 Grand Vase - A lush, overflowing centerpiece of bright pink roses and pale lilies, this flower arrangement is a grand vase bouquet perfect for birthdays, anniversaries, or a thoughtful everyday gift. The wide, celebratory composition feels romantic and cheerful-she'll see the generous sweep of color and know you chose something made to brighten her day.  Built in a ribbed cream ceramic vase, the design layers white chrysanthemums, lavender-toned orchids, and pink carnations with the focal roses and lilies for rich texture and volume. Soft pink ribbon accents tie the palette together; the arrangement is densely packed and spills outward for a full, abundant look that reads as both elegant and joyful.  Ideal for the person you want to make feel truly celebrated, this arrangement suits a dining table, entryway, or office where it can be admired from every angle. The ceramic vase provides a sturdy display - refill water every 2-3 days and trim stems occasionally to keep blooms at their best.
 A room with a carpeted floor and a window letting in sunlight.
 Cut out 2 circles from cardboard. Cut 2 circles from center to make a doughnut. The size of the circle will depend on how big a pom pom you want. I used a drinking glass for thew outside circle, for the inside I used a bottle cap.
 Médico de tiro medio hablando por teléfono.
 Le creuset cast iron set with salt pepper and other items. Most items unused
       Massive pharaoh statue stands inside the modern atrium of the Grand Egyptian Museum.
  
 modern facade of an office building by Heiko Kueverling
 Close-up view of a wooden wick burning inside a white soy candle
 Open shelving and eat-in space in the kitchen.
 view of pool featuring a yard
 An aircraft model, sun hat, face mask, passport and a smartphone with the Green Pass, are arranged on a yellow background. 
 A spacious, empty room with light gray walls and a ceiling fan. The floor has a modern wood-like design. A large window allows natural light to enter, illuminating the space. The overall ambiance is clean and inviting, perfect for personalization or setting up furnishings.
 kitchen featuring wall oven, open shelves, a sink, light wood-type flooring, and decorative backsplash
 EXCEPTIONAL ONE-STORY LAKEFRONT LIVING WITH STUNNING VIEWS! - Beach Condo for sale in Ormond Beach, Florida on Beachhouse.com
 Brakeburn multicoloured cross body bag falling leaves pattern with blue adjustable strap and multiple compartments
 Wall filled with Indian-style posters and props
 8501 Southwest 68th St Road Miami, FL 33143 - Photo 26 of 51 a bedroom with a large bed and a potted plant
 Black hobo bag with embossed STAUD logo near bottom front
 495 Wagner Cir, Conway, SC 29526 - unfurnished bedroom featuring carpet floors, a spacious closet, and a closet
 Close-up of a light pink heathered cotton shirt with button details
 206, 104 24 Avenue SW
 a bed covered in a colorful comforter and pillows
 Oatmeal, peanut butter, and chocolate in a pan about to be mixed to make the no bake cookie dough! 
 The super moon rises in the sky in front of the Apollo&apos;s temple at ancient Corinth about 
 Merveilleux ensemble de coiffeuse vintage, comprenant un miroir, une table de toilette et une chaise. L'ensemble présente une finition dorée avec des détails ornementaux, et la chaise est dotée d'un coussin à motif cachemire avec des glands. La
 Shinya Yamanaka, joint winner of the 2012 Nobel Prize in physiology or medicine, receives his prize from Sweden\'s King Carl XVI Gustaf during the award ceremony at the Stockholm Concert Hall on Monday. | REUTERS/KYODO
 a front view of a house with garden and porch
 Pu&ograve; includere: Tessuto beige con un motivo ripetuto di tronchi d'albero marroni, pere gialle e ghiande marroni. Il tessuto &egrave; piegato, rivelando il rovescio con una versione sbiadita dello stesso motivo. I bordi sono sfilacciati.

____

▶ [What you should do]
From the line that has "Le creuset cast" through the line that has "EXCEPTIONAL ONE-STORY LAKEFRONT", copy every line exactly as it appears above, and leave out all others.

▶ [Solution]
 Le creuset cast iron set with salt pepper and other items. Most items unused
       Massive pharaoh statue stands inside the modern atrium of the Grand Egyptian Museum.
  
 modern facade of an office building by Heiko Kueverling
 Close-up view of a wooden wick burning inside a white soy candle
 Open shelving and eat-in space in the kitchen.
 view of pool featuring a yard
 An aircraft model, sun hat, face mask, passport and a smartphone with the Green Pass, are arranged on a yellow background. 
 A spacious, empty room with light gray walls and a ceiling fan. The floor has a modern wood-like design. A large window allows natural light to enter, illuminating the space. The overall ambiance is clean and inviting, perfect for personalization or setting up furnishings.
 kitchen featuring wall oven, open shelves, a sink, light wood-type flooring, and decorative backsplash
 EXCEPTIONAL ONE-STORY LAKEFRONT LIVING WITH STUNNING VIEWS! - Beach Condo for sale in Ormond Beach, Florida on Beachhouse.com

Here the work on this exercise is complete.